__What is needed__.
Go through the entries below and retype them exactly, omitting each picture.
** Opening Data listing block **
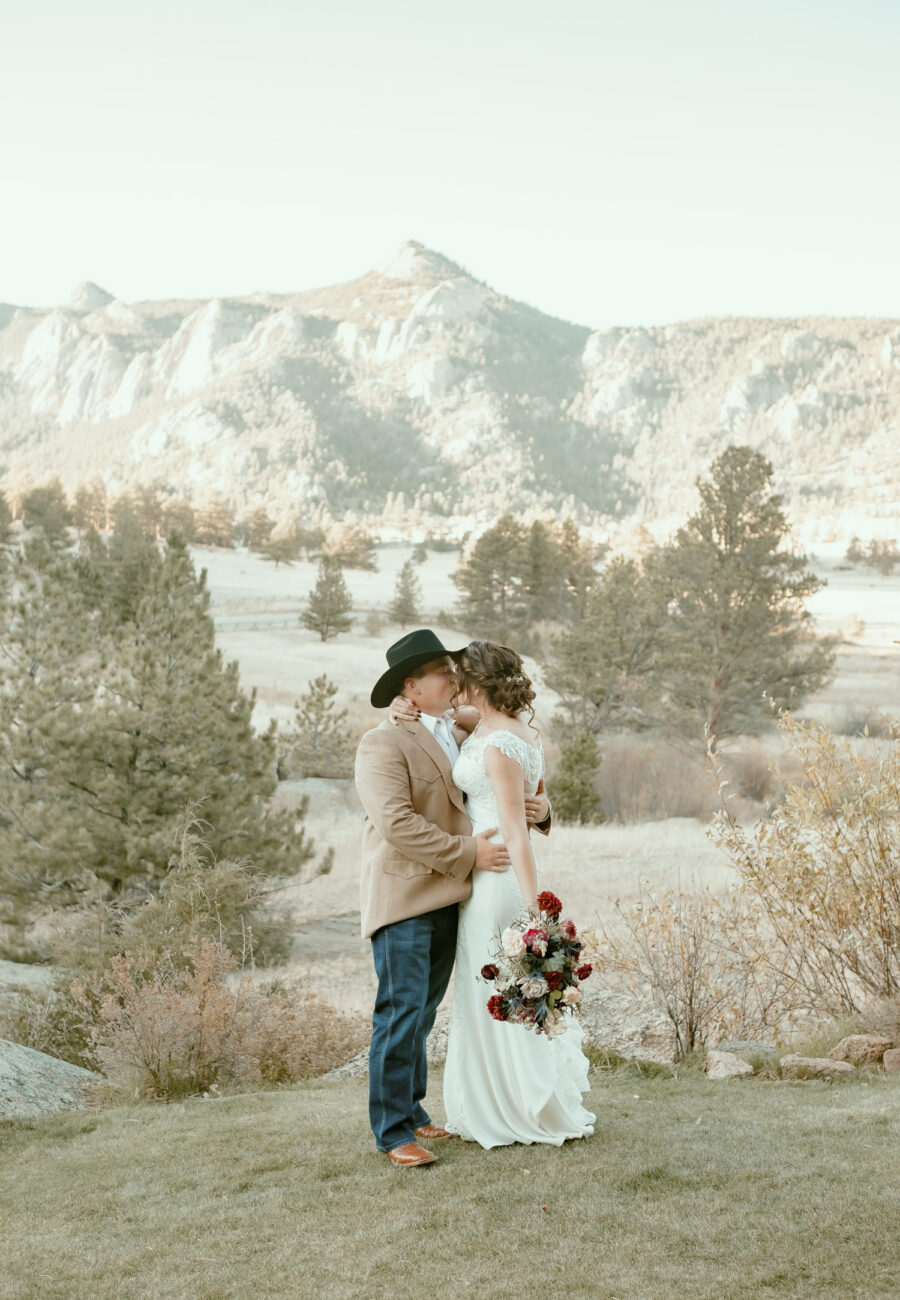 Great Falls Montana Micro-Wedding Elopement Photography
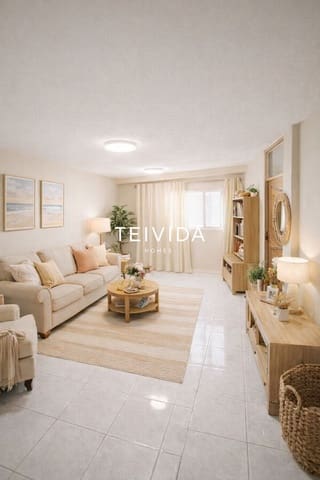 3 sovrum Lägenhet till salu i Moraditas, Santa Cruz de Tenerife med garage - 229 500 € (Ref: 9898368)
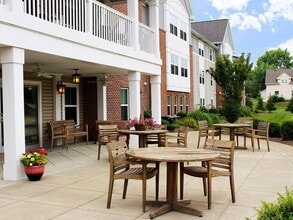 Abbington at the Park in Alliance, OH - Foto de edificio - Building Photo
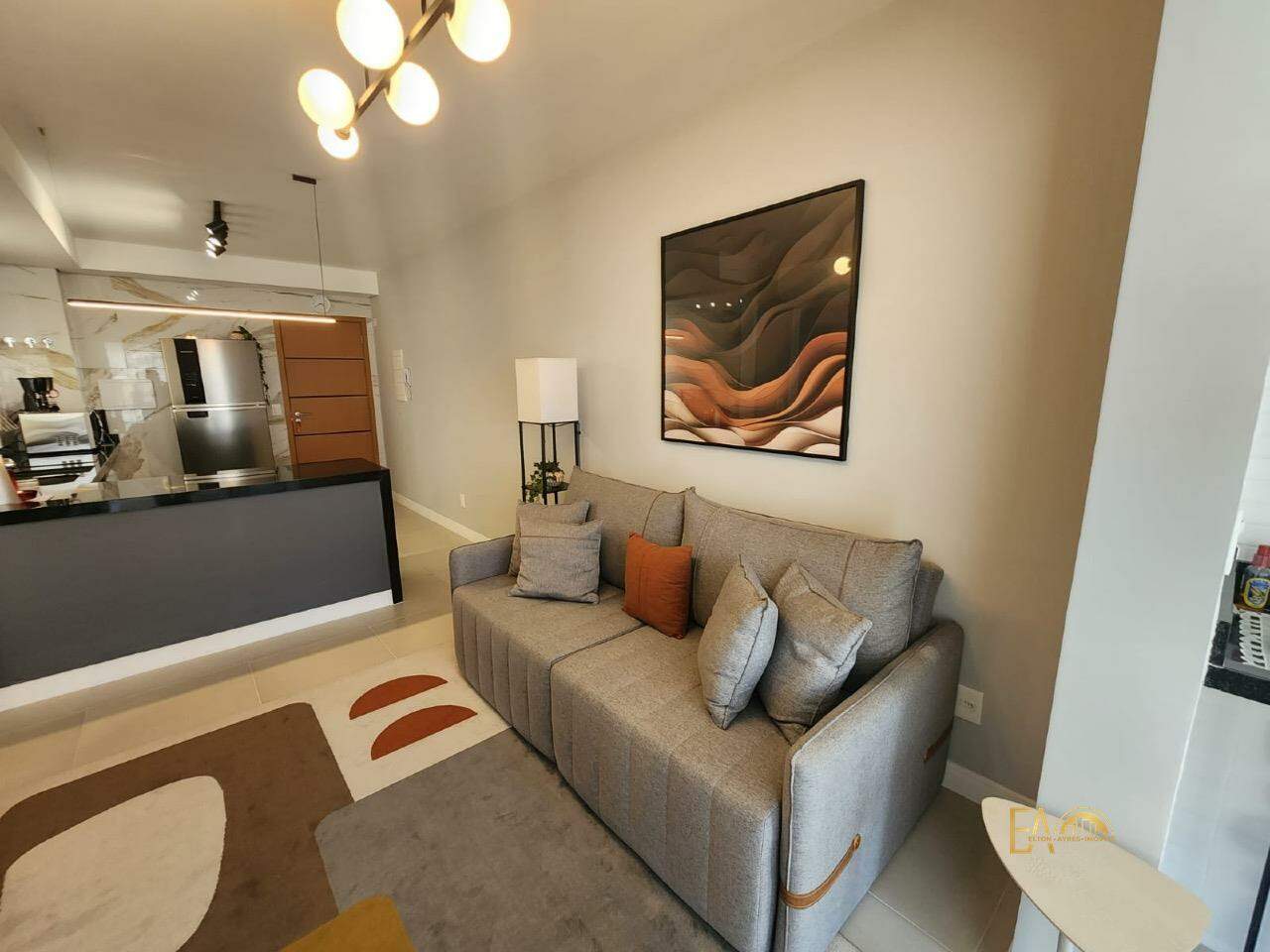 Apartamento à venda no Boqueirão: 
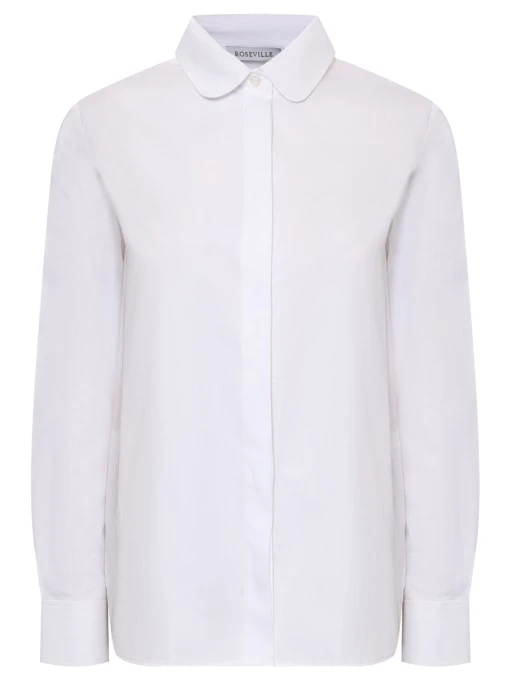 Рубашка хлопковая ROSEVILLE
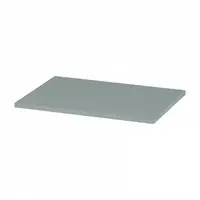 Blat pentru mobilier baie 60 cm, fiord mat, Cersanit Tirso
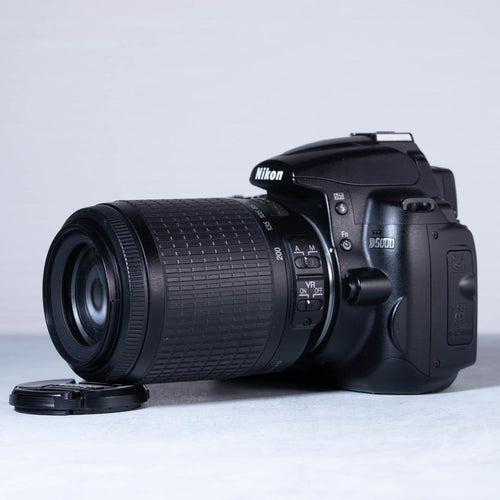 Nikon Digital Slr Ok D5000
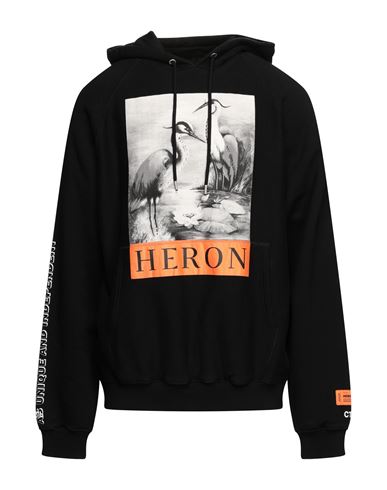 фото Толстовка heron preston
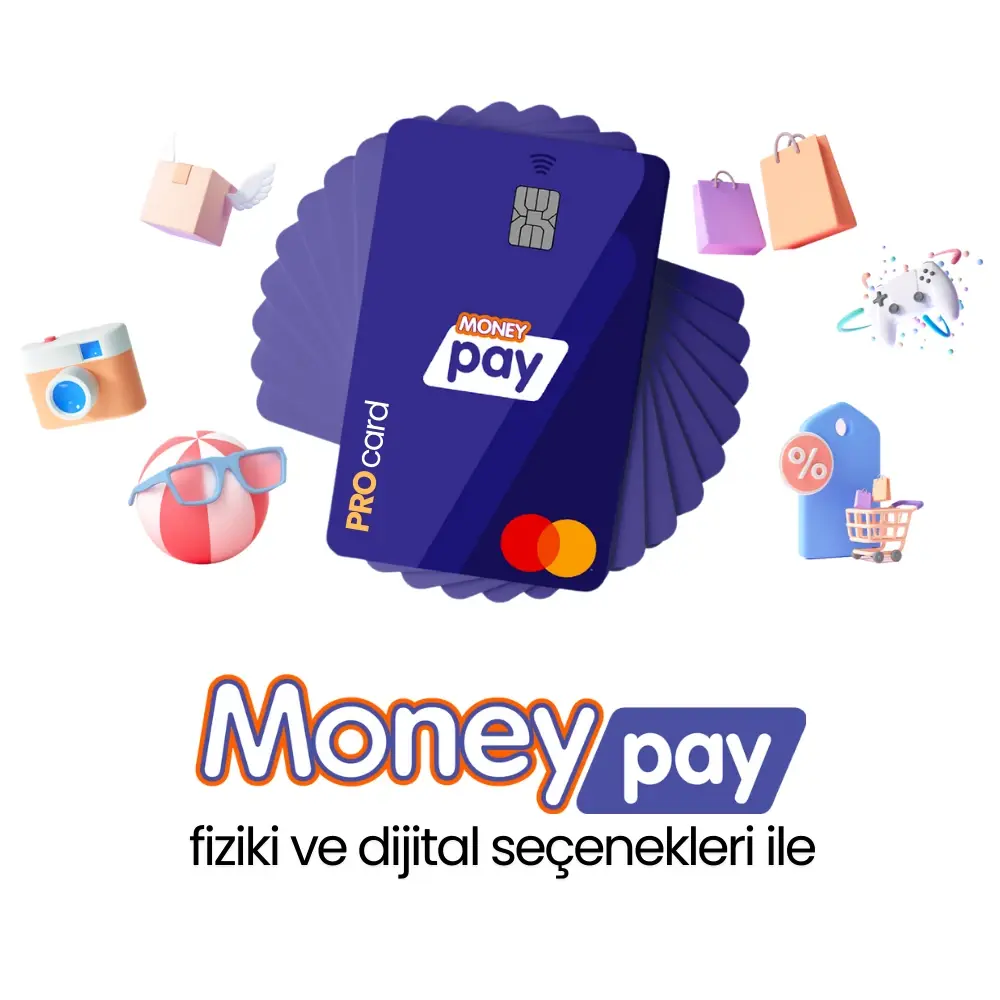 Money Pay PRO Kart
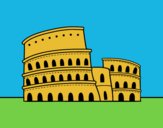 El Coliseo de Roma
** Closing Data listing block **
__Answer__.
 Great Falls Montana Micro-Wedding Elopement Photography
 3 sovrum Lägenhet till salu i Moraditas, Santa Cruz de Tenerife med garage - 229 500 € (Ref: 9898368)
 Abbington at the Park in Alliance, OH - Foto de edificio - Building Photo
 Apartamento à venda no Boqueirão: 
 Рубашка хлопковая ROSEVILLE
 Blat pentru mobilier baie 60 cm, fiord mat, Cersanit Tirso
 Nikon Digital Slr Ok D5000
 фото Толстовка heron preston
 Money Pay PRO Kart
 El Coliseo de Roma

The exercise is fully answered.